While Court watchers’ eyes this week have been on the confirmation hearings in the U.S. Senate Judiciary Committee, the continuing business of the nation’s top Court is a two-week deep dive into arbitration. The arbitration focus will resume with arguments on Monday morning with Southwest Airlines Co. v. Saxon, No. 21-309. That employment case will consider whether workers who load or unload goods from vehicles that travel in interstate commerce, but do not physically transport such goods themselves, are interstate ‘transportation workers’ exempt from the Federal Arbitration Act.

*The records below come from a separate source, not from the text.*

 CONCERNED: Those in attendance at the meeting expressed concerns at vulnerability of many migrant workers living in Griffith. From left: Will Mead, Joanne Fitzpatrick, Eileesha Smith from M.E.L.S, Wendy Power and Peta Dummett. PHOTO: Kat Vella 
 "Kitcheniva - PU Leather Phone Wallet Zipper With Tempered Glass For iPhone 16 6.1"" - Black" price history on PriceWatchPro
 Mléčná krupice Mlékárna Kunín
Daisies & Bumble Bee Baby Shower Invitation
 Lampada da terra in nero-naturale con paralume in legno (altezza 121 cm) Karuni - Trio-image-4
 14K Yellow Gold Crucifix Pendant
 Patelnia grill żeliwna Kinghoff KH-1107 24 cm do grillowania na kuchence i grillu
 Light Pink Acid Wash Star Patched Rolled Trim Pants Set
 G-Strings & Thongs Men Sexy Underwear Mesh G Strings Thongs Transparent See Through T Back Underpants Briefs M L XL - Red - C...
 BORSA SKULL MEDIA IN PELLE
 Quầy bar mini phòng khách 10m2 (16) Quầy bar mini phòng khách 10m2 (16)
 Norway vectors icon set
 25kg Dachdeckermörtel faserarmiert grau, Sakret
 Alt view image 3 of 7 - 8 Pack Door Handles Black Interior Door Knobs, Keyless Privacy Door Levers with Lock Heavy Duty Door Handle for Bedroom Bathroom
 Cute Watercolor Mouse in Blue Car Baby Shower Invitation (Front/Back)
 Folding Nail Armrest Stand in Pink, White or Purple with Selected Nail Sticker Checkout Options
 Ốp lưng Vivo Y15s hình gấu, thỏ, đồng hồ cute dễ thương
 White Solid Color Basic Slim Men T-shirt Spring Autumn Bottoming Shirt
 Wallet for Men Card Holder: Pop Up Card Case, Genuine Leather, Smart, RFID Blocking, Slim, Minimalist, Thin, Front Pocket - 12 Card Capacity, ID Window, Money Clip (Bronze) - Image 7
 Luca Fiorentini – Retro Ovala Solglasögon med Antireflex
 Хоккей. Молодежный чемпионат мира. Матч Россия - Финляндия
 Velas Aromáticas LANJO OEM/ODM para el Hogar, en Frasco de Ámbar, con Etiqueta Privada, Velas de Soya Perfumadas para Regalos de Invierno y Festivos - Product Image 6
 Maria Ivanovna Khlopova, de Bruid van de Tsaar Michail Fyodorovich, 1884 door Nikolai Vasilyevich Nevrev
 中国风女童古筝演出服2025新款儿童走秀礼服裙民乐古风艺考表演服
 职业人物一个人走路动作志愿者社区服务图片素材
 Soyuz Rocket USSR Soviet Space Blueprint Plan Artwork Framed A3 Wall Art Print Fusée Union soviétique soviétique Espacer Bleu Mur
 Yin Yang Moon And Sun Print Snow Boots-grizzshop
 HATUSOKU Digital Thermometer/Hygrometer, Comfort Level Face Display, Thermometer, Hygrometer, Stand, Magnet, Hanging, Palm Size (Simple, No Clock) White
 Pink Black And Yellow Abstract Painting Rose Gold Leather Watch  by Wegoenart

Highlights from Morgan v. Sundance Inc.No. 21-328 — an employment arbitration case that was the first of the March arbitration cases, argued earlier this week — can be found on CPR Speaks here. The four-case run will conclude next Wednesday with Viking River Cruises v. MorianaNo. 20-1573, which focuses on the relationship between the FAA and California’s Private Attorneys General Act. For background on Viking River, see Mark Kantor, “US Supreme Court to Review Whether Private Attorney General Action Can Be Waived by an Arbitration Agreement,” CPR Speaks (Dec. 16) (available here).

And one 2021-2022 term arbitration case, Badgerow v. Walters, No. 20-1143, awaits decision. Details on the case from the Nov. 2 arguments is available on CPR Speaks here.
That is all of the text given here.